Alors, elle essaie, durant des années, de garder le contact avec cet enfant qui grandit, qu'elle finit par voir très peu, puis plus du tout, admettant finalement que le besoin maternel qu'elle ressentait finit par s'éteindre.
Tout au long du roman, elle a deux activités nécessaires : nager et baiser des filles. La première la détend, la déstresse, lui forge un corps épanoui et séduisant.

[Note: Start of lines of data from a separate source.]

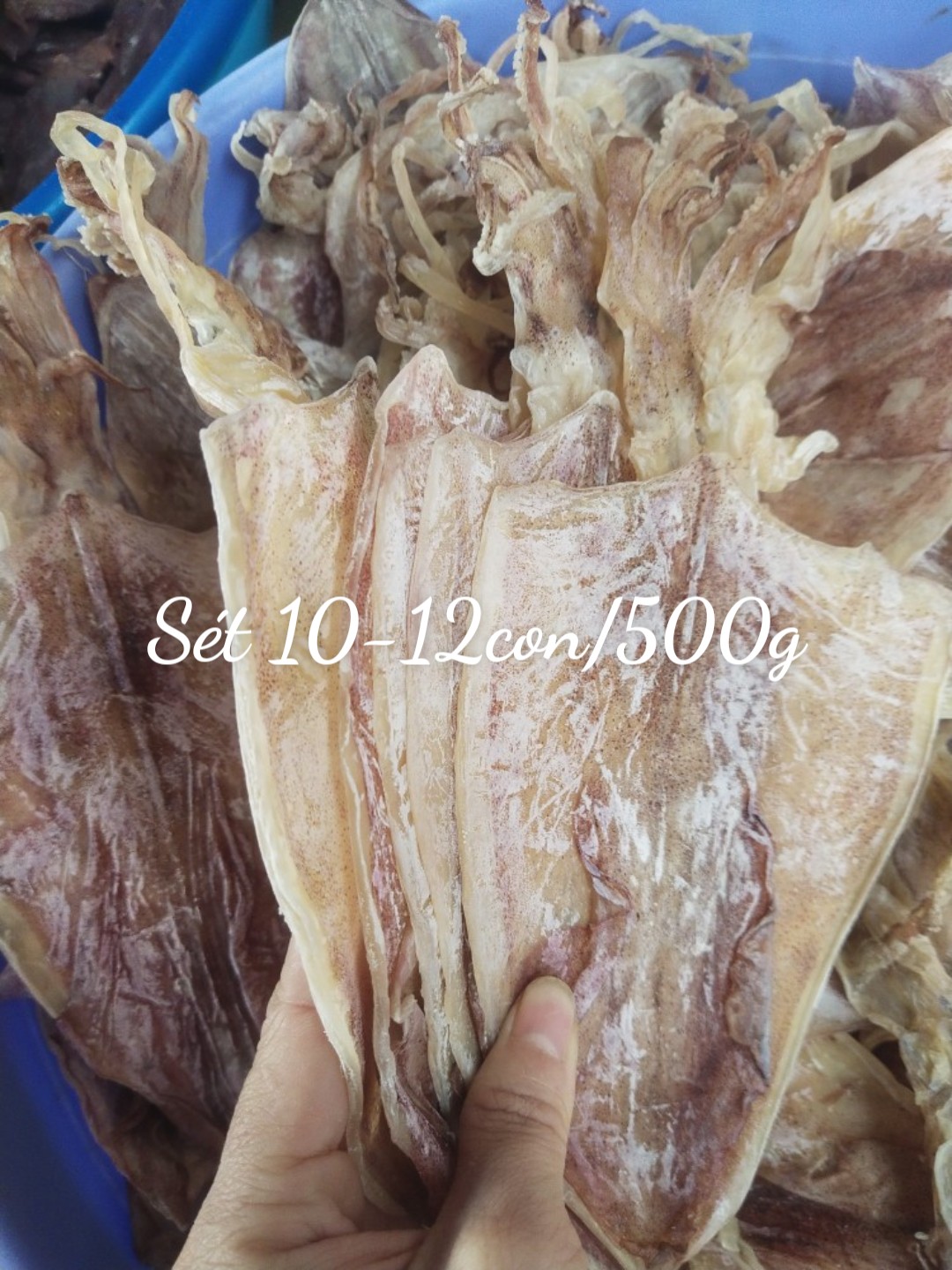 1kg Mực khô câu 20-22con [hàng loại 1 ngon ngọt] -HS01-GHPY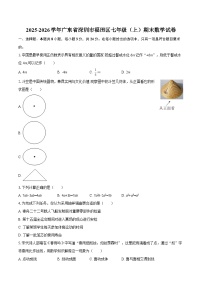 2025-2026学年广东省深圳市福田区七年级（上）期末数学试卷-自定义类型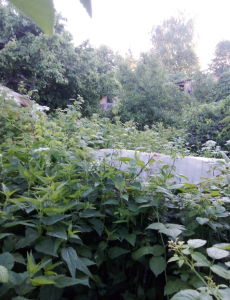 image.thumb.png.ca5292831d60cf49b95c34af10bf7196.png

La deuxième finit par la lasser même si elle passe de l'une à l'autre en redoutant tout attachement et surtout toute reproduction d'une quelconque vie de couple.
L'écriture structure très bien cette vie saccadée, on passe de la piscine au tribunal, des locaux d'une association permettant de rencontrer le fils aux vibrations d'une boîte de nuit, du vol à l'étalage pour manger à la dépossession totale de tout objet. Cette progression vers le rien est fort bien rendue par l'écriture de Constance Debré qui zoome d'une situation à l'autre, d'un alcool fort à une tisane, d'une blonde à une brune, d'un sein à un saint.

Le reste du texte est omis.